The movie wants to convince us that August is a sick, sub human being, and that's a lot of the focus of this movie, but it's wasn't firmly convincing, because of the way they chose to portray his wife's character and focus on her relationship with Jacob.
In the book, there was much more to Jacob's character than his interactions with August and Marlena. Marlena wasn't sending out mixed messages. Marlena wasn't a mixed up victim that needed to be saved by Jacob. She chose her life with August, had enough, and she just made a different choice for herself with Jacob, and you get it was her choice. In the book, Marlena was a stabilizer for August, until she had enough. Jacob was attracted to her from the start. Marlena was not. She came to know Jacob and then she came to love him. August was a sicko and there was no doubt about it. He was crazy way before Jacob came on the scene. You get this clearly. There is no conflict in the reader's emotions. His craziness was not jealously driven or really even directed towards Marlena, until he feared losing her. She was his savior, until she chose not to be. When August gets his due. You want to clap. In the book, you come to know and love Camel, Walter, Rosie, and you really get to know Jacob. You get a feel for the solidarity of the roustabouts and sub performers in the extremely hard working conditions, and the toughness of the people of that time period. You get a real feel of the class distinctions within circus life.

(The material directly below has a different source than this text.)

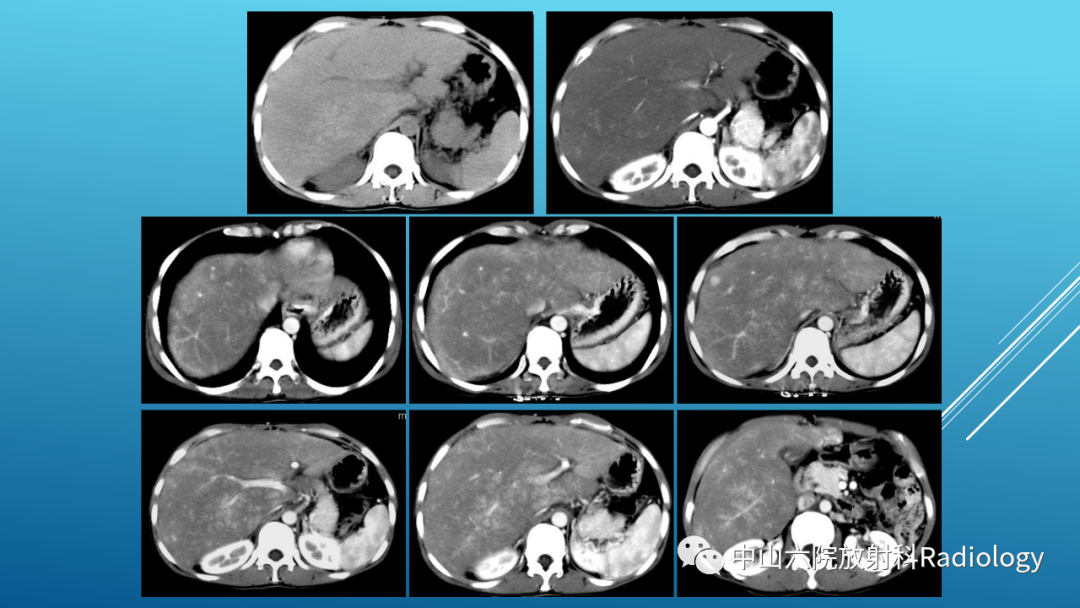 影像PPT - 【PPT】Budd-Chiari Syndrome综合征的影像学表现-10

All that said, the movie is well acted. The average review is for the script, not the acting. This is not a true representation of the book at all. Water for Elephants is so much more than some damsel in distress love story, and her dark, creepy circus guy husband. If you like to read, get the book. You'll be drawn in and enjoy it. The books is so much richer.
WATER FOR ELEPHANTS can be an unnerving view for animal lovers. There is a great deal of animal abuse and even if it is simulated, it feels real. Of course, that is part of the story and life in a circus at the time was no joy for animals or humans. The story is dark and violent and follows a storyline seen in so many films. There is not much original about the film except for possibly the setting.

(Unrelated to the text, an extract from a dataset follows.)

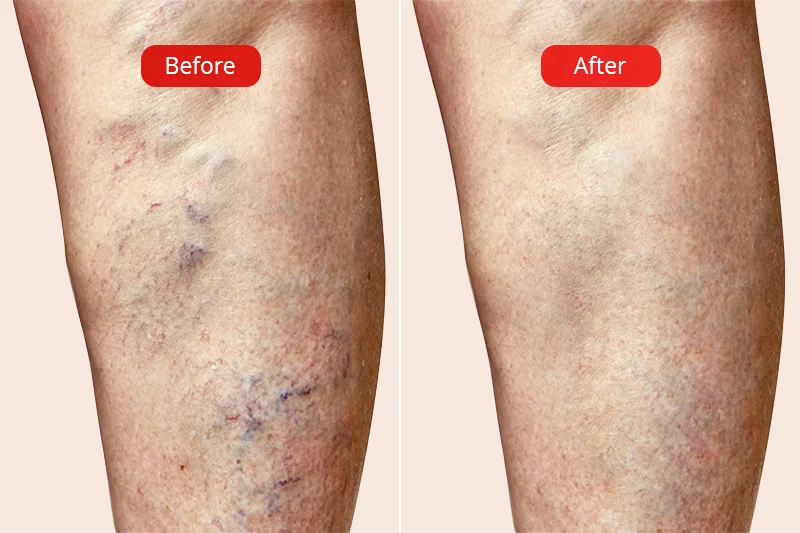 Before and after Venosteam treatment method at VenArt medical clinic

Lovely Reese Witherspoon looks as she has been airbrushed of all wrinkles. Her porcelain skin looks painted on and I wondered if this was an attempt to make her character appear much younger than Witherspoon's actual age. She's a beautiful lady so the unusually smooth skin looked impossibly odd.
Two highpoints are Rosie the aging but agile elephant and the venerable Hal Holbrook as the very aged Jacob telling his story to a young circus worker. Not a terrible movie but more disappointing than it should be.
The cast does a nice job; Reese Witherspoon displays great athletic prowess and she is a delight to watch.
The story's underlying tone of impending disaster provides a negative aura to this tale: it is worth watching to see how it plays out.
From a historic perspective, this film portrays the difficult life experienced by those in the circus world at that time.
I can easily see why another person would give this a 4-5 star rating.
I do not need to rehash the story line...lots of people have already done that.
Hal Holbrook was good. Kind of like the old man in the beginning of The Green Mile. He goes WAY back in his life and his love.
The kid was good.
Reese was very good...I think she is one of our better female actors of the modern age.
Christopher Waltz is awesome...but I guess he always is.
Steam Trains, Circus, Life on the road, True love, and True REVENGE all come home to roost in this movie.
If you do not like it...what can I say...you do not know a good thing when you see it :-)
This movie shows how fragile life is and how it can change for any of us in an instant but the key is to be resilient and learn to change with the situation. A well done movie but I admit I'm not a fan of elephants in circus or carnival settings so if you're like me it is tough to watch at times but don't skip it, it's a well done movie.
If you are a softy and like tearjerkers then have a box of tissue handy.